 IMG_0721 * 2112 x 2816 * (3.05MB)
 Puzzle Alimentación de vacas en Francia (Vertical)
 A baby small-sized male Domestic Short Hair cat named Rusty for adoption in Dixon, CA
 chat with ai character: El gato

--

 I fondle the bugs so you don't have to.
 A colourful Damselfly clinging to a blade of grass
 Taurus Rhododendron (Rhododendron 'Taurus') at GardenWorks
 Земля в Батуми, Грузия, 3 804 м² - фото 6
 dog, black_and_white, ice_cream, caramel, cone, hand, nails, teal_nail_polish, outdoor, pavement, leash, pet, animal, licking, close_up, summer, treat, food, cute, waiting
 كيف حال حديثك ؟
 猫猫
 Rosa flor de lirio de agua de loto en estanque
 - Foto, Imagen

* * *

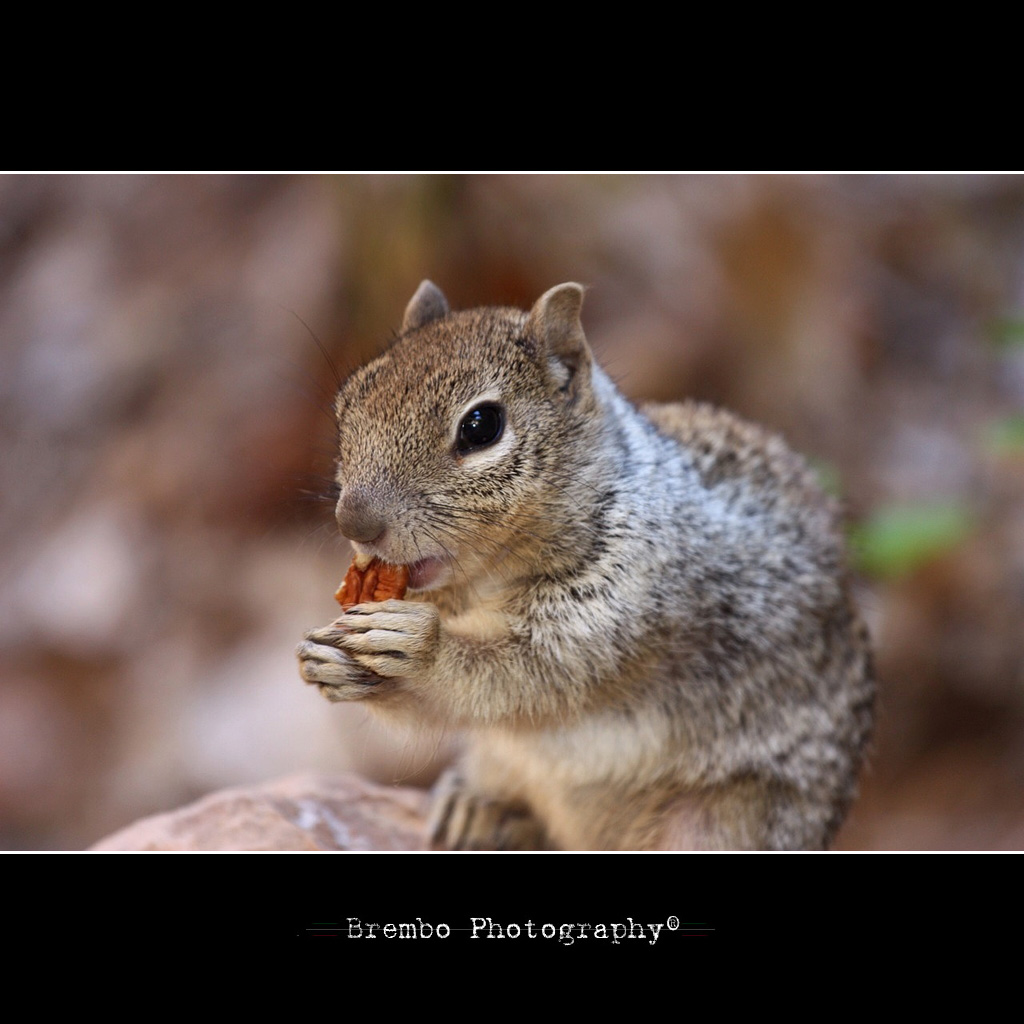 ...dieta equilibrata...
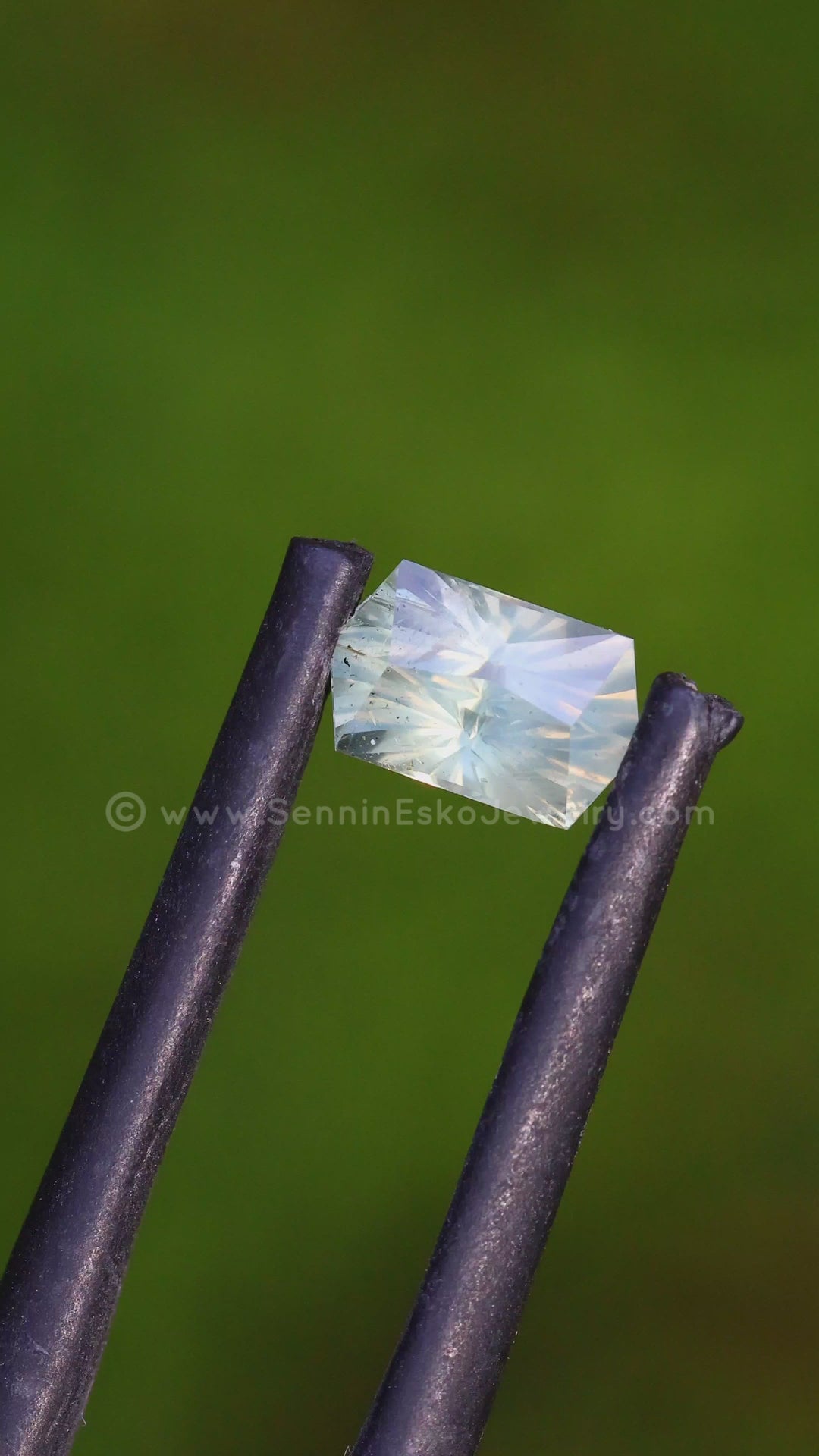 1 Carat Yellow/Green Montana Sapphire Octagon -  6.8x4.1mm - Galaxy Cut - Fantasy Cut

→ **Task**: From the entries above, extract only the lines running from the one containing "Puzzle Alimentación de" through the one containing "chat with ai character: El gato", inclusive.

→ **Response area**:
 Puzzle Alimentación de vacas en Francia (Vertical)
 A baby small-sized male Domestic Short Hair cat named Rusty for adoption in Dixon, CA
 chat with ai character: El gato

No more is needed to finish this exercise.